人間は俺たちを原子力発電の燃料として利用するため採掘し精錬する。
『使用済み核燃料にもまだ利用できる物質が含まれている。これを取り出し、燃料として再利用するのだ。夢の核燃料サイクル。コイツらも不用品として打ち捨てられているよりは人の役に立つほうが嬉しいだろう』
押し付けるな、決めつけるな、勝手に測るな俺たちのことを。
もうこれ以上、俺たちに触るな。
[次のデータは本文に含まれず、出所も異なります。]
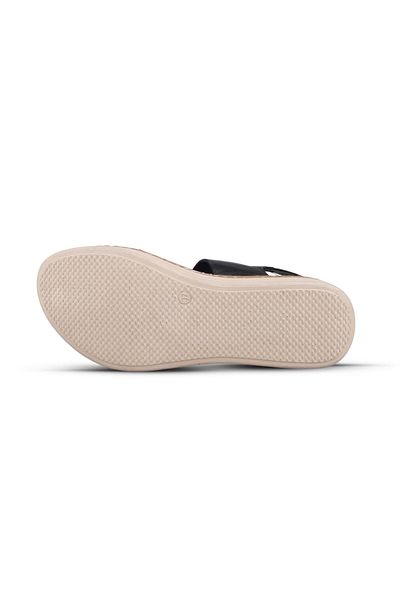 M.P. Women's Black Casual Sandals - Black, Leather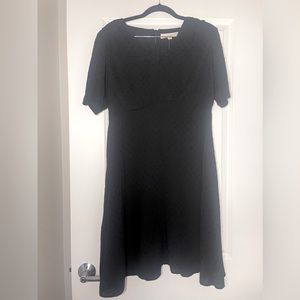 NWT Loft size 4 black Swiss dot midi dress with slight v neck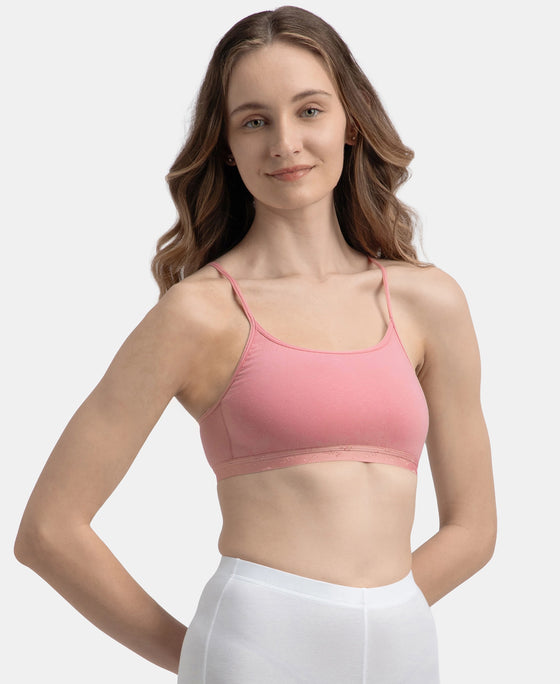 Super Combed Cotton Elastane Stretch Multiway Styled Crop Top With Adjustable Straps and StayFresh Treatment - Rose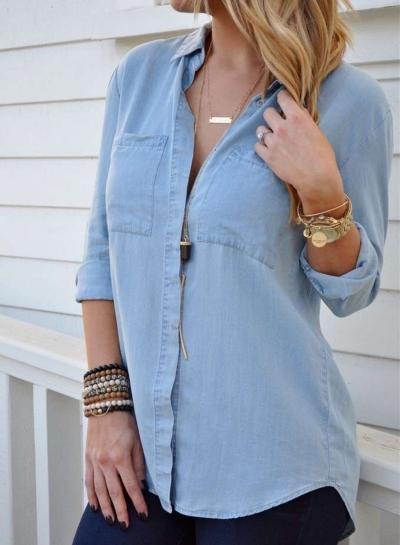 Oasap Turn-down Collar Long Sleeve Denim Button Down Shirt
死体損壊罪だ、君たちの世界にある罪で例えればこの不敬さが分かるだろう?
俺、ウラン238(フミヤ)は俺の同位体であるウラン235(フミコ)を守る。
どんなに長く生きたってたかだか100年サイクルの生物が、何万年単位で過ごす俺たち鉱物をいいように扱うな! 思い上がるなよ人間ども!!
怒りで俺の体が光った。
《核燃料サイクルとは》
ウラン鉱石を採掘して天然ウランを精錬・加工し、原子力発電の燃料として使う。
その後、使用済み核燃料の中にあるまだ核分裂していないウラン235や、ウラン238から変わったプルトニウムを取り出して、再度原子力発電の燃料として使おうという一連の流れのことである。
夢のような循環エネルギーだが、失敗続きで机上の空論となっている。